== Extracted entries ==
BEGIN

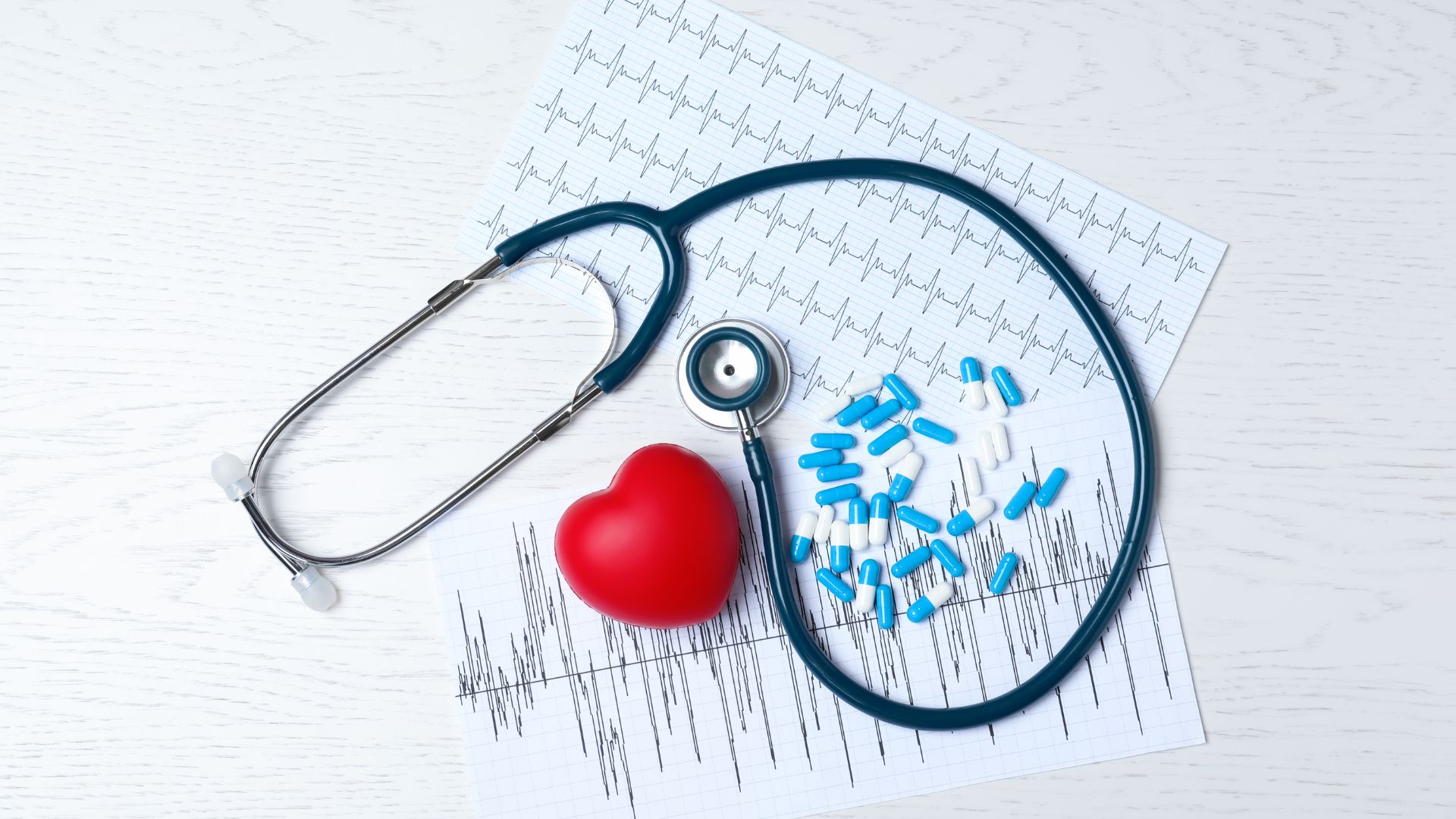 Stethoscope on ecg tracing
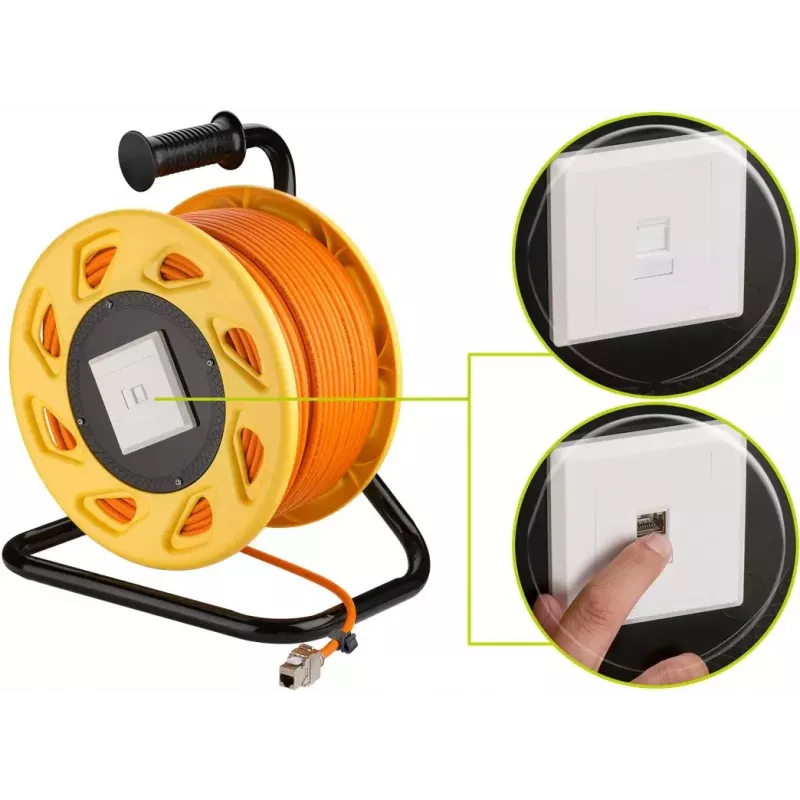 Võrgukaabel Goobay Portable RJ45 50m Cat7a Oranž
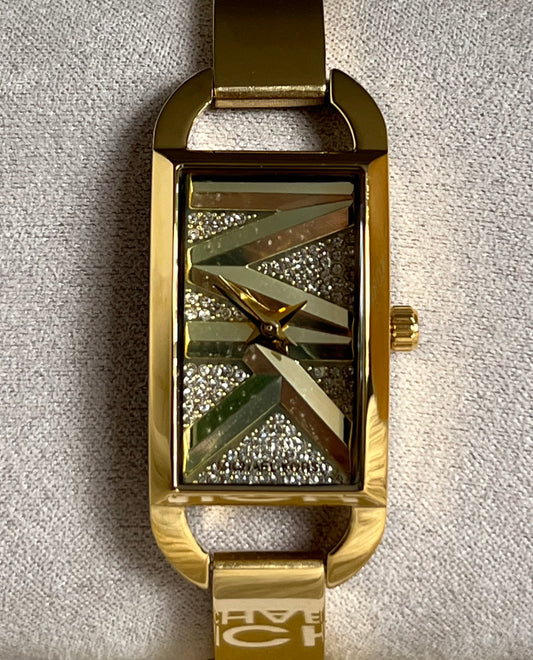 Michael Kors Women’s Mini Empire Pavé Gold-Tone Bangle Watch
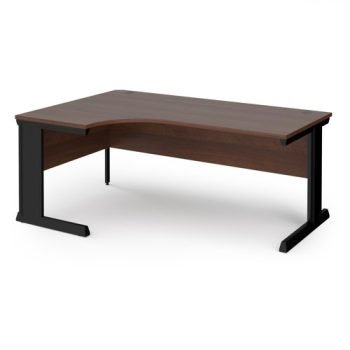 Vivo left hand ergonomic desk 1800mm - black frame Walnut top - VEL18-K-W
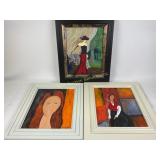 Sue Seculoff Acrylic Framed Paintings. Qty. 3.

END
BEGIN

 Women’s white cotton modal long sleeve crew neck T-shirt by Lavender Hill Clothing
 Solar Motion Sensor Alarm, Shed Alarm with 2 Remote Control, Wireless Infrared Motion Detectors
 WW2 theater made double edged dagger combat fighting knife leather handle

END

== The problem ==
An exact copy is needed of the stretch above that opens with the line containing "Vivo left hand" and closes with the line containing "Sue Seculoff Acrylic"; the pictures are not part of it.

== Exercise result ==
 Vivo left hand ergonomic desk 1800mm - black frame Walnut top - VEL18-K-W
 Sue Seculoff Acrylic Framed Paintings. Qty. 3.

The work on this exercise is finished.